→ TASK
Your answer must be the data repeated exactly, with no pictures in it.

→ PROVIDED MATERIAL
+++++

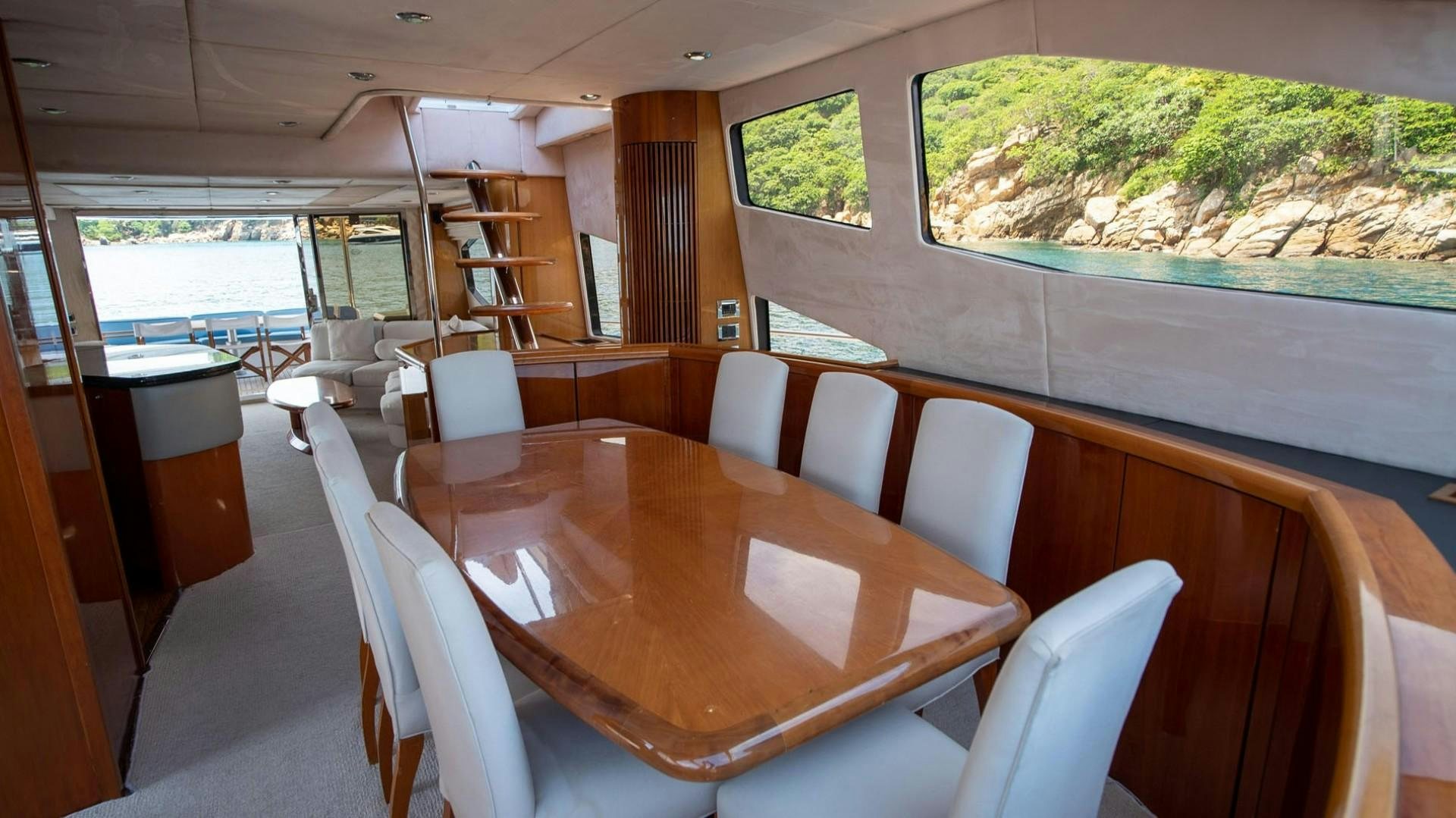 a table with chairs around it aboard LUCKY Yacht for Sale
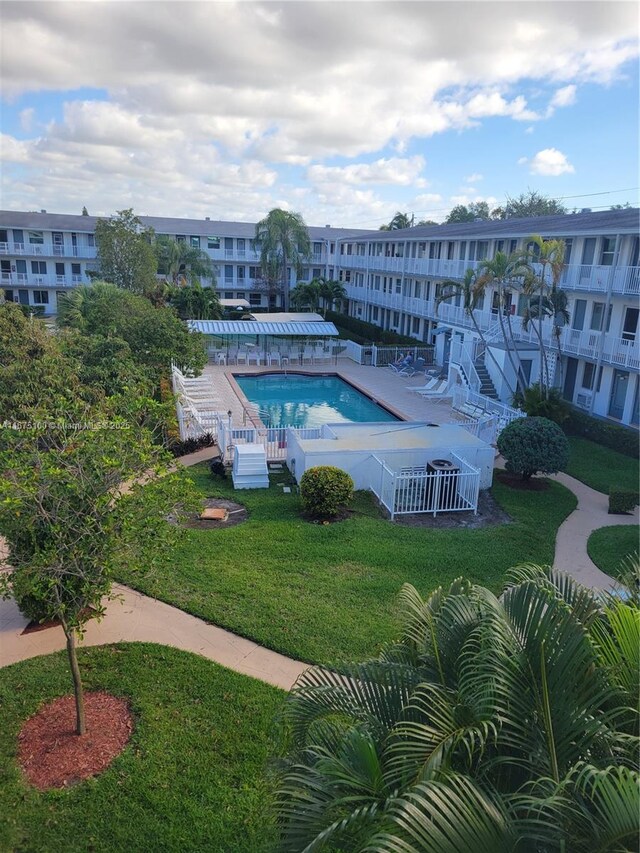 view of pool with a yard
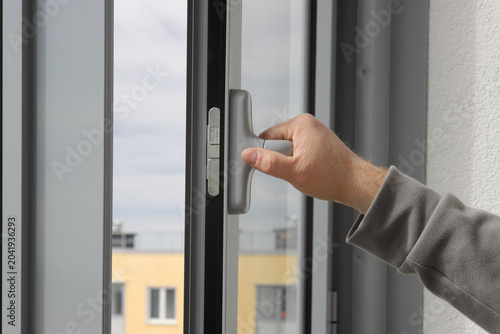 Aluminum window open detail. Metal door frame closeup view.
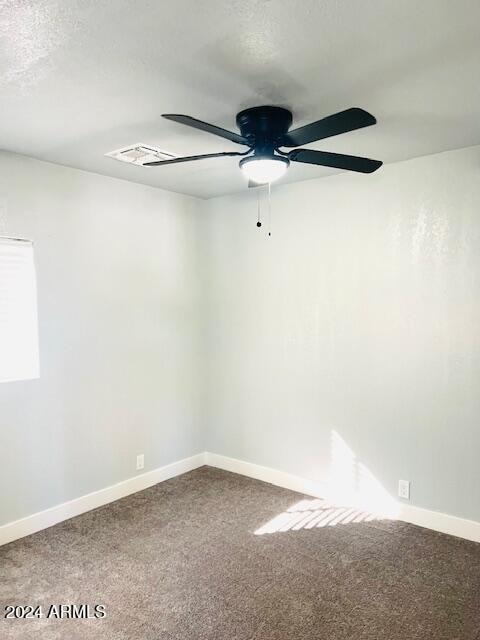 empty room with ceiling fan and carpet floors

+++++

→ ANSWER
 a table with chairs around it aboard LUCKY Yacht for Sale
 view of pool with a yard
 Aluminum window open detail. Metal door frame closeup view.
 empty room with ceiling fan and carpet floors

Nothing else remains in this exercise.